| Work to be completed |
The lines from the one holding "zimmerpflanze ähnlich gummibaum" to the final line of the listing below are to be duplicated exactly, with both ends included and pictures omitted.
'''
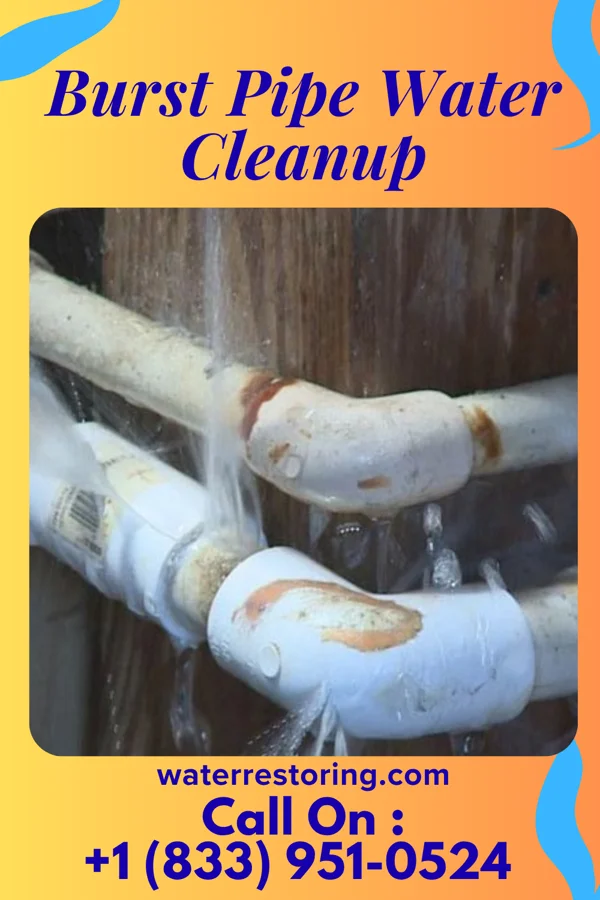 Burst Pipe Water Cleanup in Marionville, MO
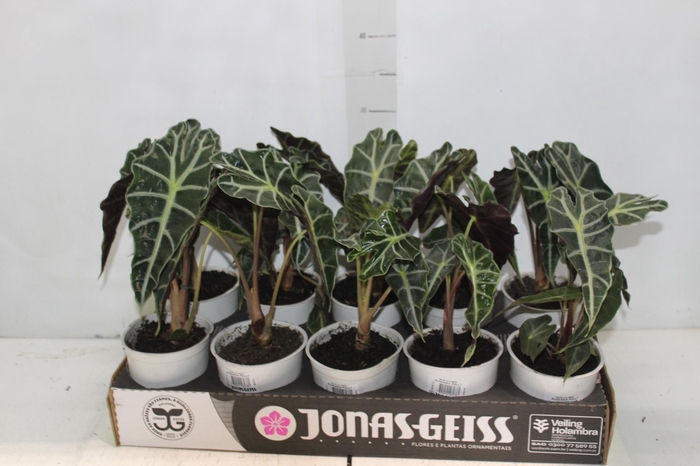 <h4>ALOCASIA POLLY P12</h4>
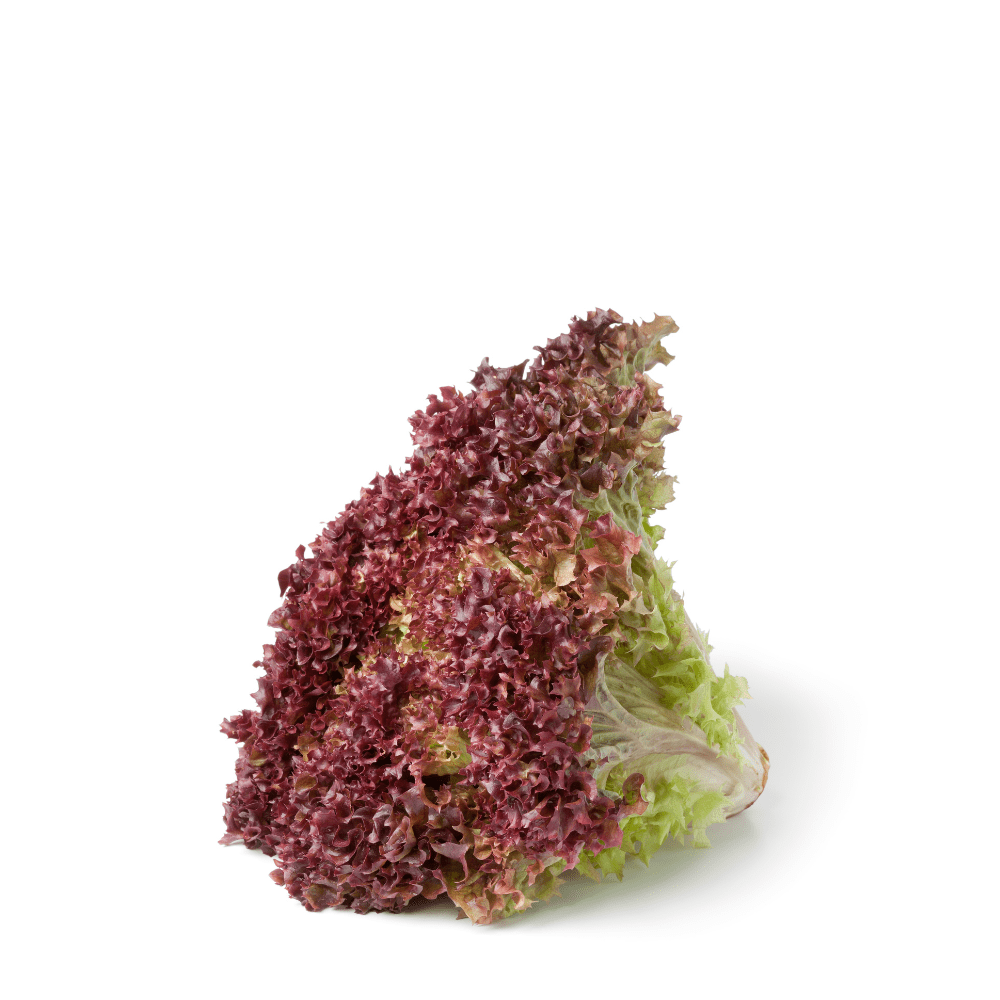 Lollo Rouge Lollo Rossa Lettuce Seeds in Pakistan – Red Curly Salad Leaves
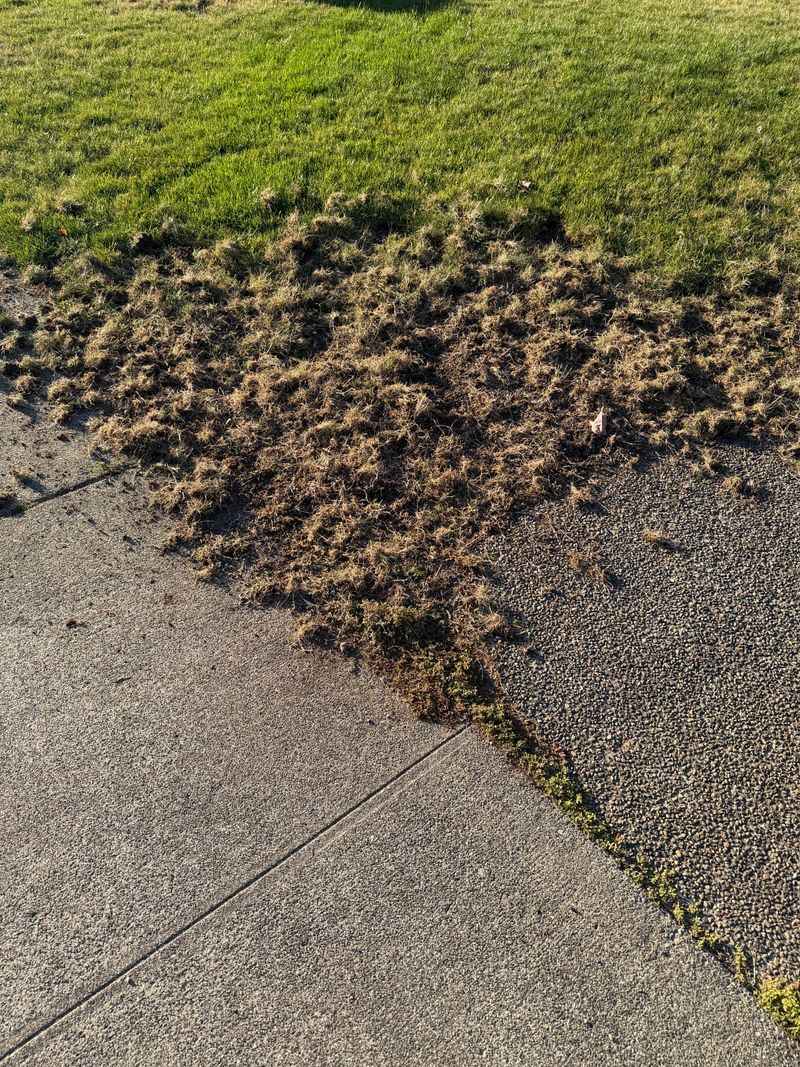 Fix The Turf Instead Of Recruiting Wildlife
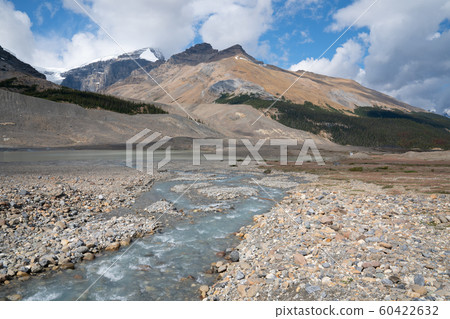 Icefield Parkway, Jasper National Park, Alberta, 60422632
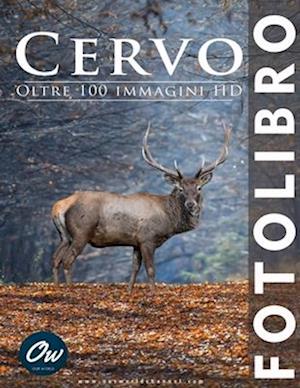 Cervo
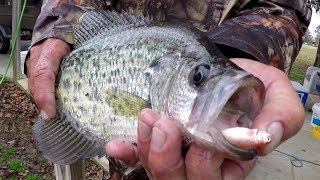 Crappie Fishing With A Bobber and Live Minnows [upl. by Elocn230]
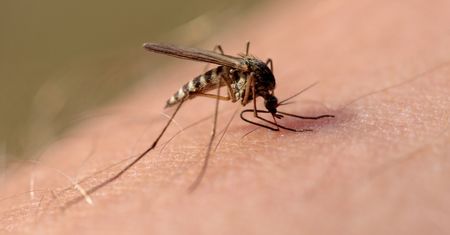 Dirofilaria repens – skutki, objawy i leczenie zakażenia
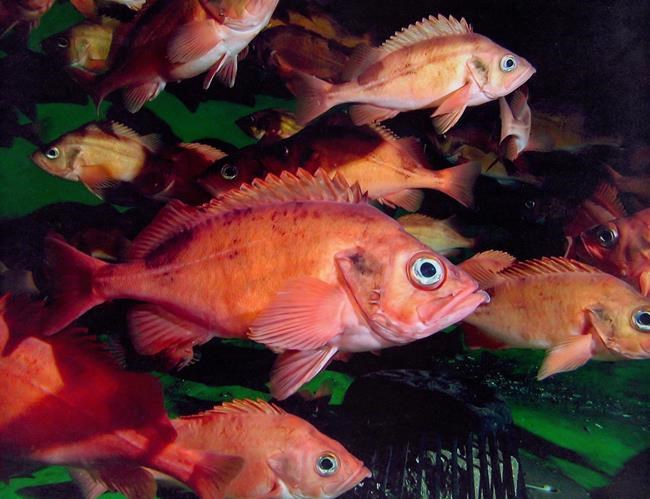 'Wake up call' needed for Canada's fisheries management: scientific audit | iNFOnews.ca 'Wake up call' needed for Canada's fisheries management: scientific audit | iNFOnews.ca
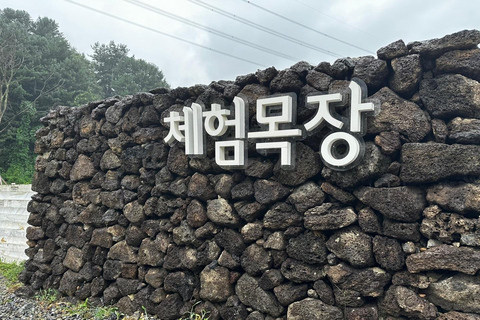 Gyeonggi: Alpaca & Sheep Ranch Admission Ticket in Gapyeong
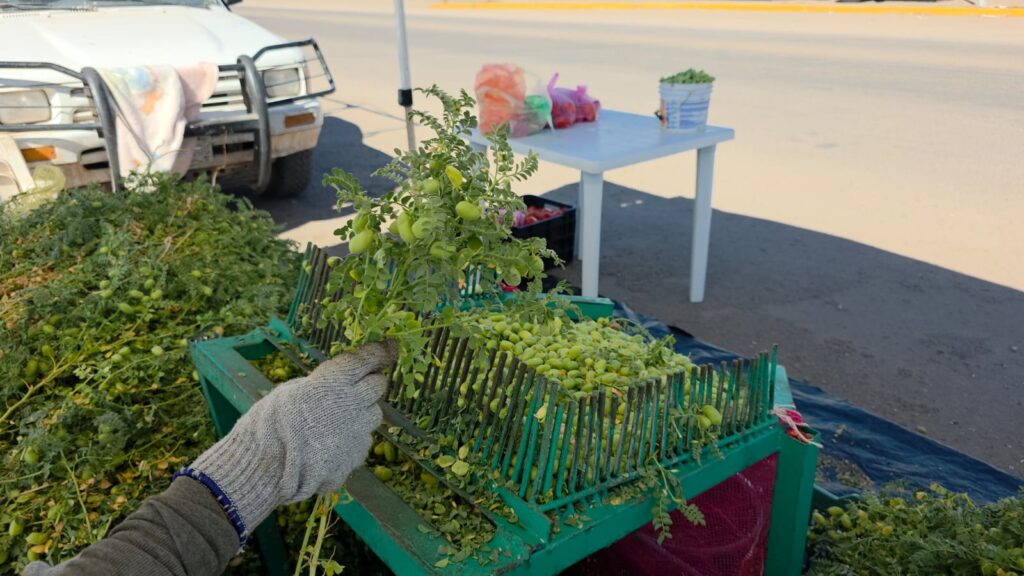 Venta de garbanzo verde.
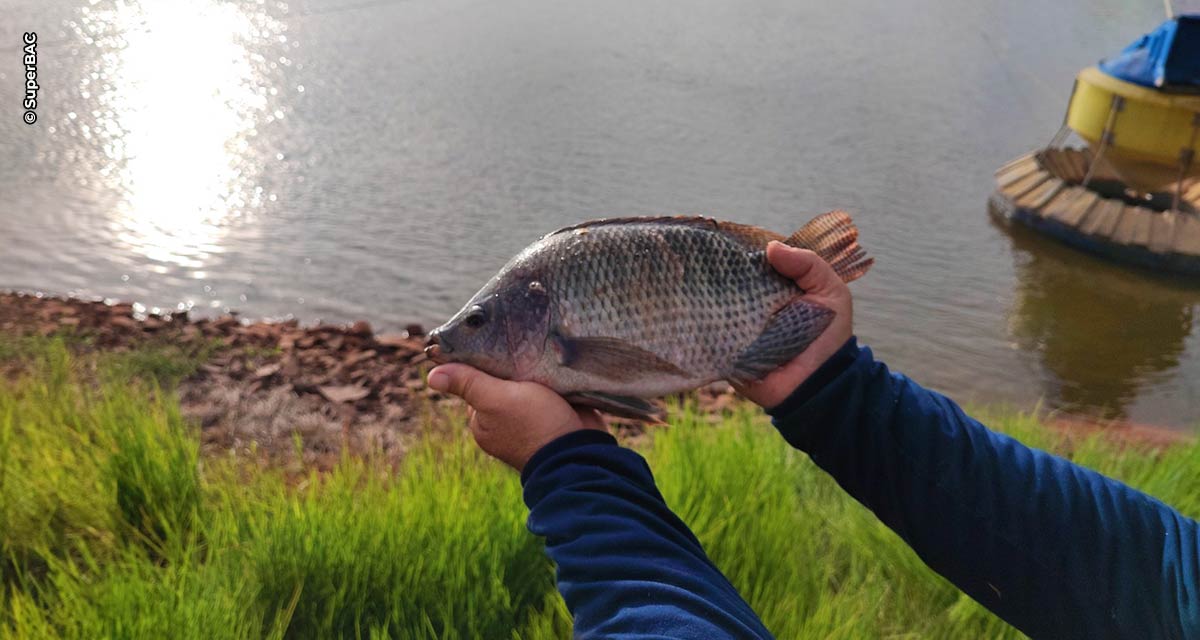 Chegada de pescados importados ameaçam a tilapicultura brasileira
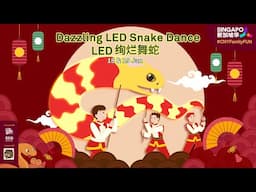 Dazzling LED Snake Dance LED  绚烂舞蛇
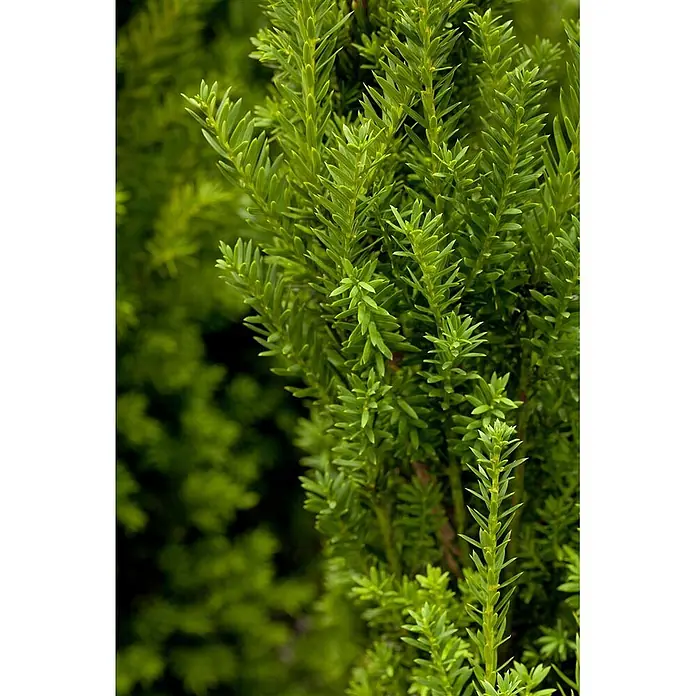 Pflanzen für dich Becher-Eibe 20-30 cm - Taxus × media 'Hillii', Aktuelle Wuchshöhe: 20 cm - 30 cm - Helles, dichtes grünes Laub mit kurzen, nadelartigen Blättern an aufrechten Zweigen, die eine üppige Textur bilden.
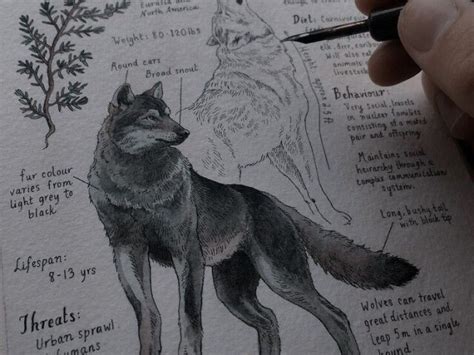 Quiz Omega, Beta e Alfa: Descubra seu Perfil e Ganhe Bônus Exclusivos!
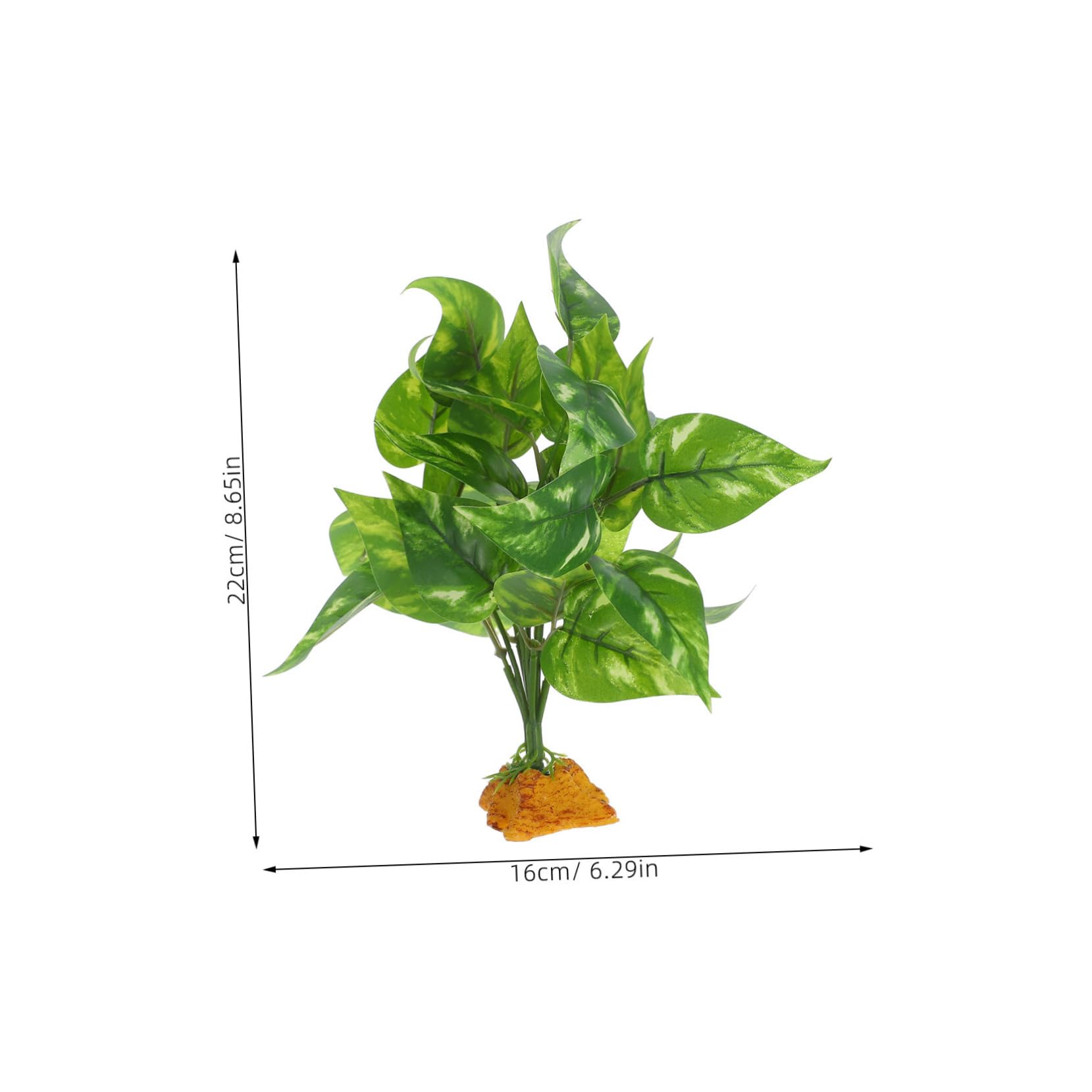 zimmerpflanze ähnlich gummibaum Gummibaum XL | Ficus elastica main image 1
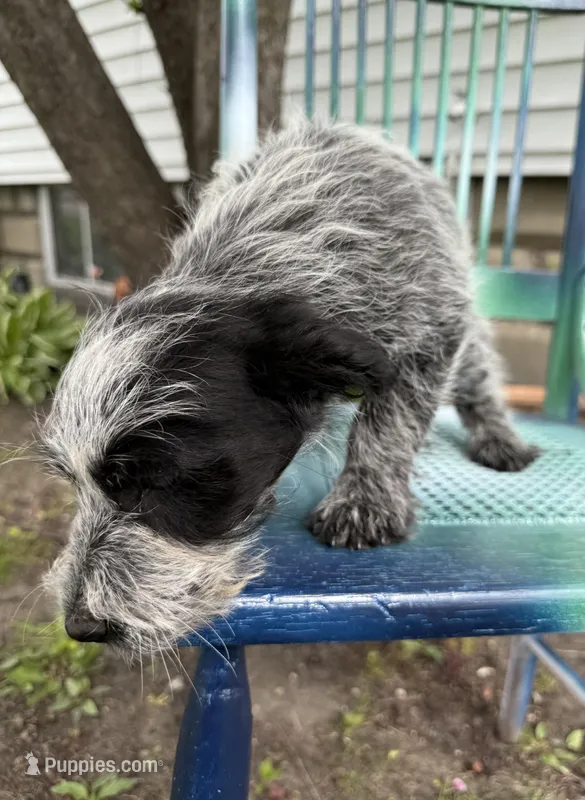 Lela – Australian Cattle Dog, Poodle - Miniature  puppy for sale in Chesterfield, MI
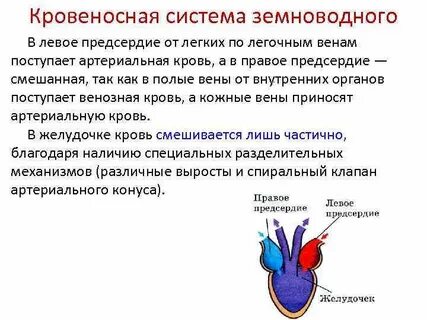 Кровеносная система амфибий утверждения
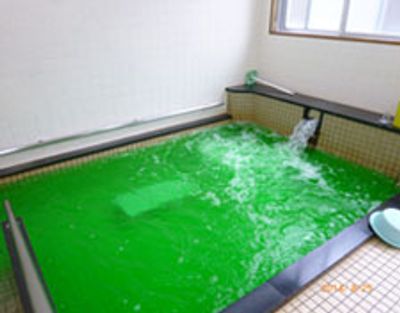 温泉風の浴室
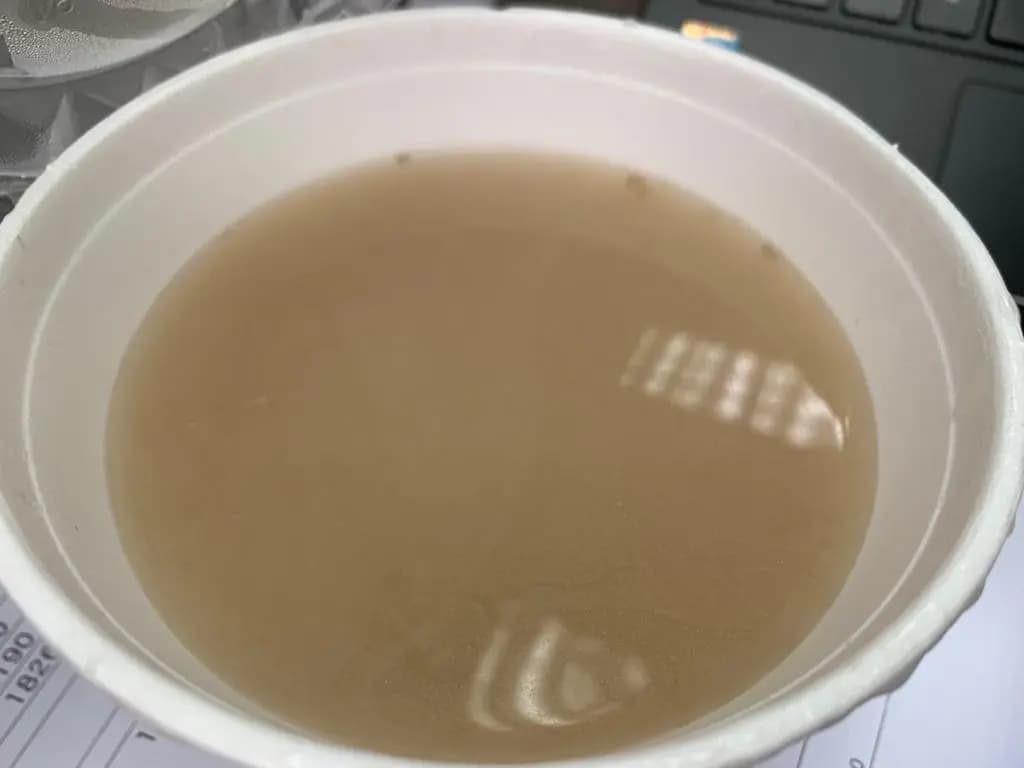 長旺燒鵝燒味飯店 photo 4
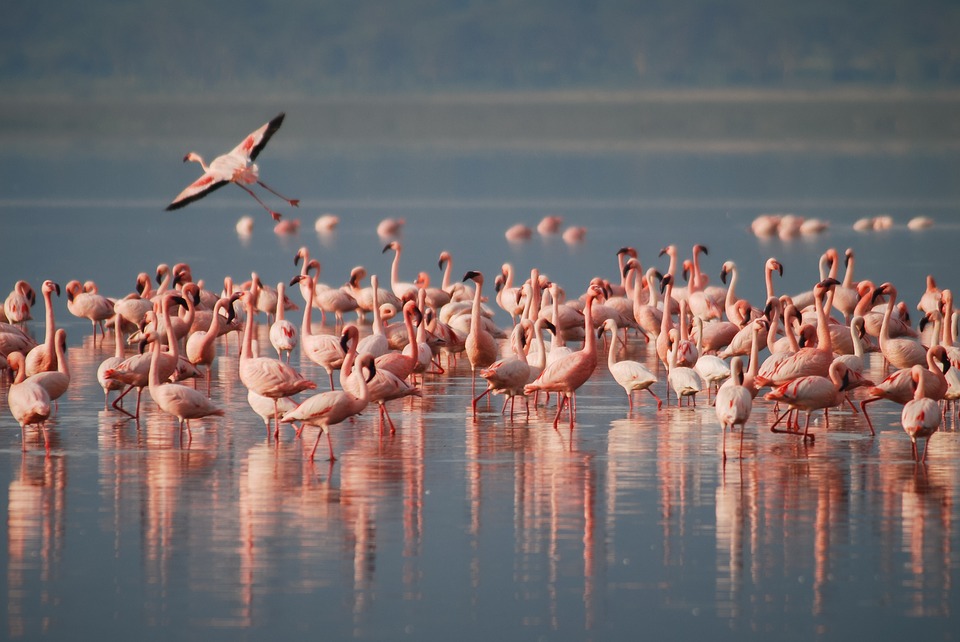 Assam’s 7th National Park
'''
| Completed task |
 zimmerpflanze ähnlich gummibaum Gummibaum XL | Ficus elastica main image 1
 Lela – Australian Cattle Dog, Poodle - Miniature  puppy for sale in Chesterfield, MI
 Кровеносная система амфибий утверждения
 温泉風の浴室
 長旺燒鵝燒味飯店 photo 4
 Assam’s 7th National Park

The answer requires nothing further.